The re-enactment wasn't exact. The deans & justices sometimes fast-forwarded past 1944 for references to cases that had not yet been decided. But it captured the flavor of the debate over the expulsion issue at the time.

DISTINCT VIEWPOINTS
Chemerinsky & other legal scholars view the Korematsu decision as a racist stain on the country's history. Eastman said it had to be viewed in the context of a country at war. "This is not about race ...," Eastman said as he put himself in the place of a 1944 government lawyer defending the expulsion order. "It's rather about people who are currently citizens of an enemy nation or just one generation from that."

Nearly 1 in 10 Japanese-Americans covered by the order had petitioned to be repatriated to Japan, indicating an allegiance to an enemy government, Eastman said.
"There's a reasonable fear of invasion & espionage & sabotage activity," Eastman said.

Chemerinsky insisted the case was about race, citing comments by military officials deeming the Japanese an "enemy race". Race can never be the basis for taking away someone's liberties," he said.

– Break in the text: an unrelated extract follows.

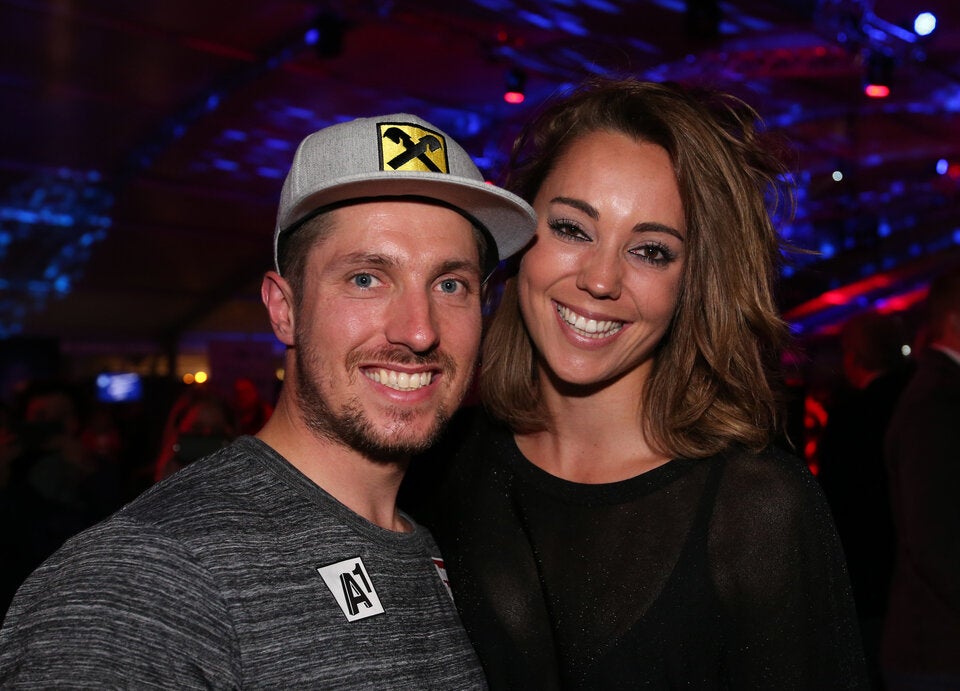 Laura Moisl Marcel hirscher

If there had been a credible fear of Japanese-Americans collaborating with Japan, the U.S. government should have individually assessed each suspected spy, rather than issuing a sweeping order against everyone of Japanese ancestry, Chemerinsky said. About 70,000 of the 112,000 people expelled from their homes were U.S. citizens. Chemerinsky said the futility of the Japanese internment camps was illustrated by the lack of any espionage accusation against a Japanese-American during World War II.

Yet, Eastman said in an interview after the re-enactment, the detention of Japanese-Americans may have prevented a Japanese attack, just as the Bush administration's detention of terrorism suspects without trial may have headed off another terrorist attack. Eastman said he was repelled by the racially charged language of some World War II military officials. He also said that while it was appropriate to temporarily remove Japanese-Americans from the West Coast, they should not have been placed in internment camps. Instead, they should have been briefly moved further inland, to live freely, & then investigated one-by-one for possible sympathy with Japan. Eastman said the Bush administration used much narrower grounds for detaining people than the Franklin D. Roosevelt administration did.

Yet, Chemerinsky said, Bush used similar national security rationale for curtailing civil liberties. Like Bush after Sept. 11, Roosevelt believed his actions were protecting the homeland, but the result was to undermine constitutional rights, he said. "It is so tempting to believe that the ends justify the means," Chemerinsky said. "But there are some means that are abhorrent. In Korematsu, the means were abhorrent."